# EXERCISE OBJECTIVE
The answer is the exact run of lines in the listing below from the line containing "Ninjas Theme Birthday" up to and including the line containing "Plus Size Women's", with pictures removed.

### DATA EXTRACT

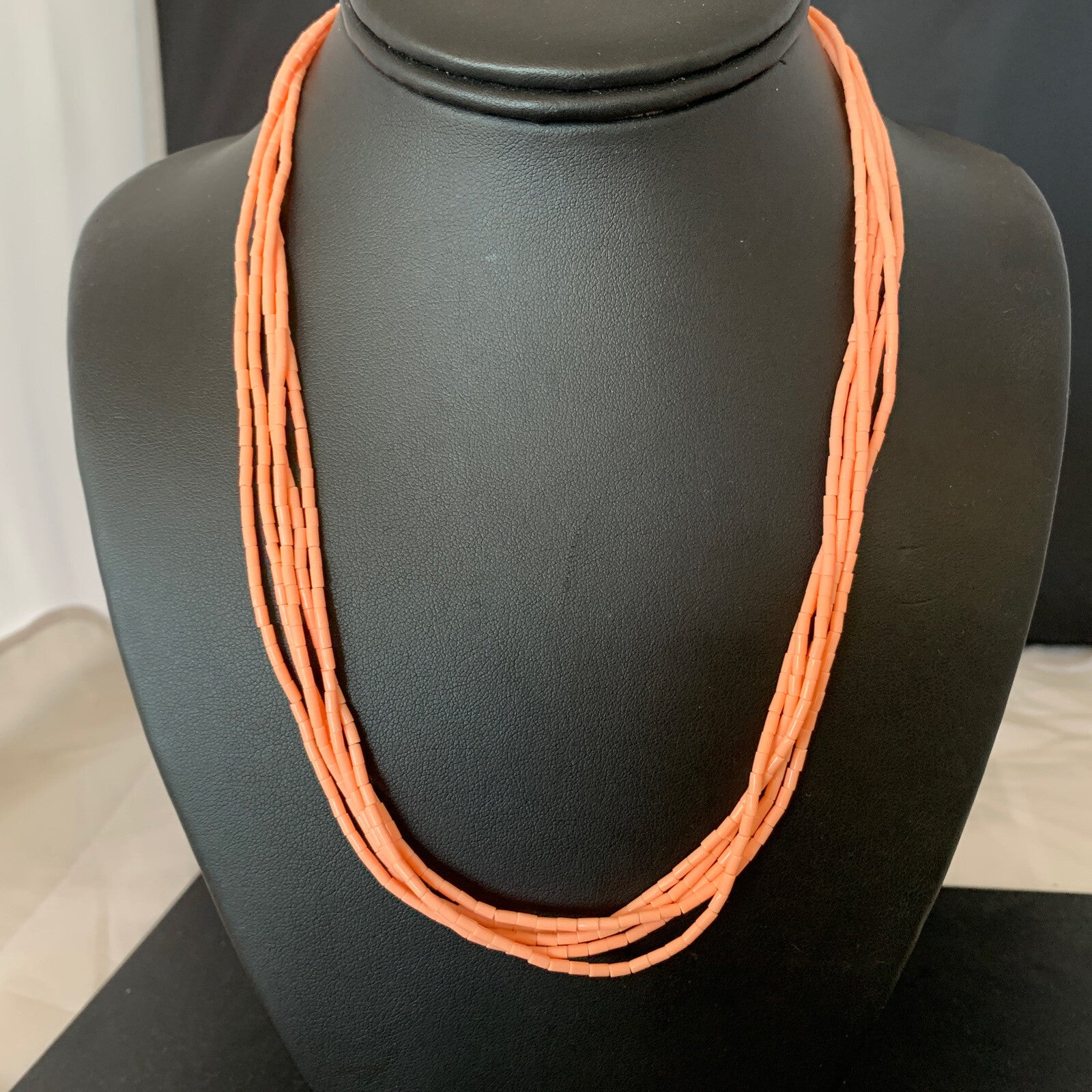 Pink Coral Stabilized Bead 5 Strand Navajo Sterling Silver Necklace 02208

######
### DATA EXTRACT

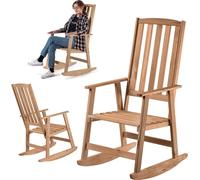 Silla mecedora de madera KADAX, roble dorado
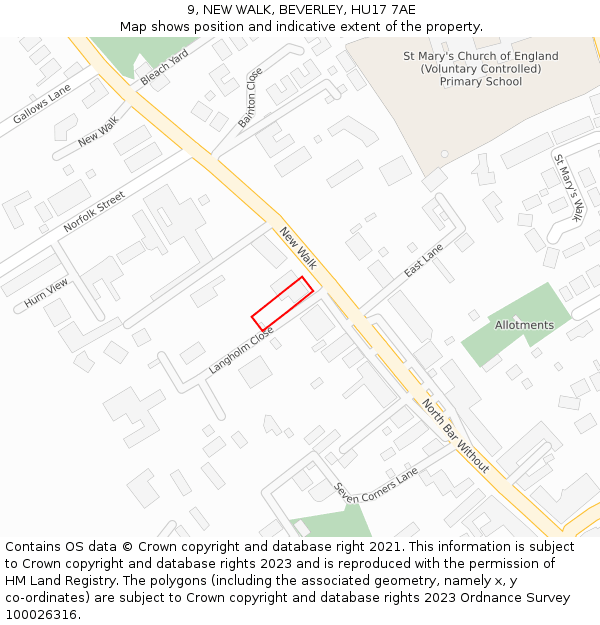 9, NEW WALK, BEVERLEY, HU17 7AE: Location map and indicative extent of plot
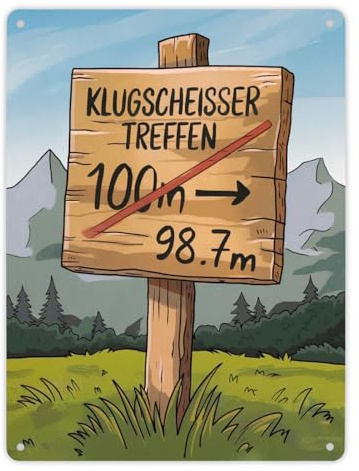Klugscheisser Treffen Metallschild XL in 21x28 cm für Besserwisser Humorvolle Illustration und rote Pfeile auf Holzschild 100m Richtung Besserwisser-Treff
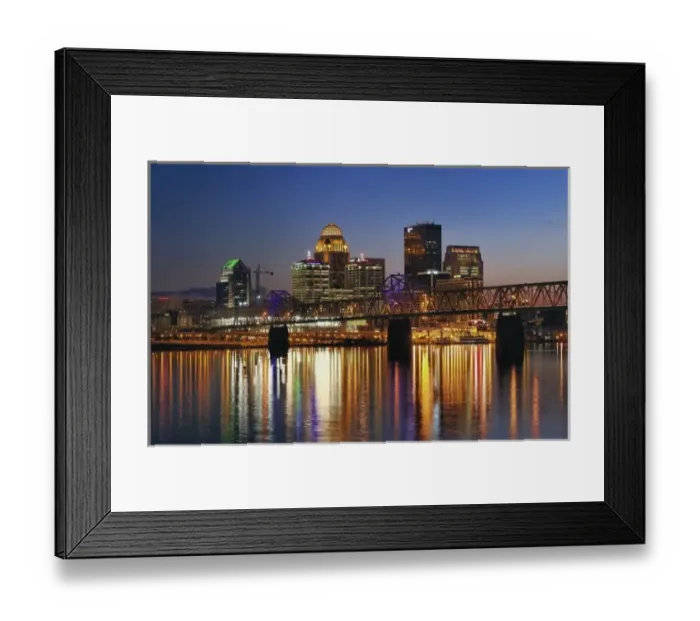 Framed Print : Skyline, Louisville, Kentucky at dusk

######
### DATA EXTRACT

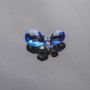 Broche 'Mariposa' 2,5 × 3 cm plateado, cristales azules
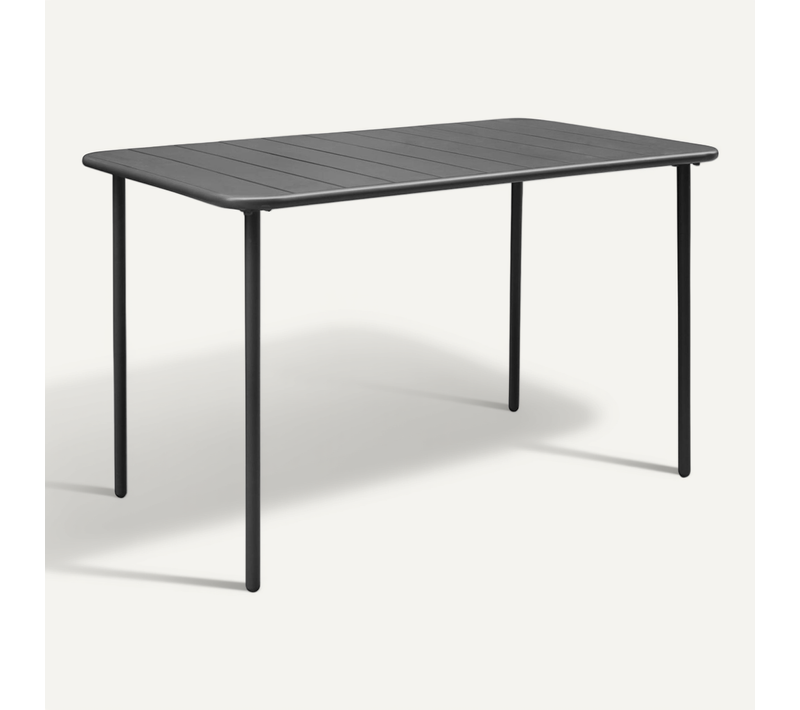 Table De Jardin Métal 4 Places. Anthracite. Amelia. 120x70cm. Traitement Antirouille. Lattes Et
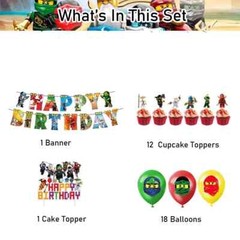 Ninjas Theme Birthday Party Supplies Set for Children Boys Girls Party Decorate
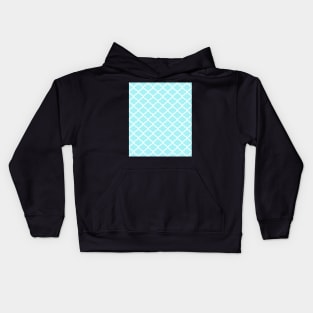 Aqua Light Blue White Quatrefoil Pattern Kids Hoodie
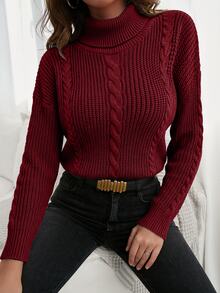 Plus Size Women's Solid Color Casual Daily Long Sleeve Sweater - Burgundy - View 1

######

# OUTPUT BELOW
 Ninjas Theme Birthday Party Supplies Set for Children Boys Girls Party Decorate
 Aqua Light Blue White Quatrefoil Pattern Kids Hoodie
 Plus Size Women's Solid Color Casual Daily Long Sleeve Sweater - Burgundy - View 1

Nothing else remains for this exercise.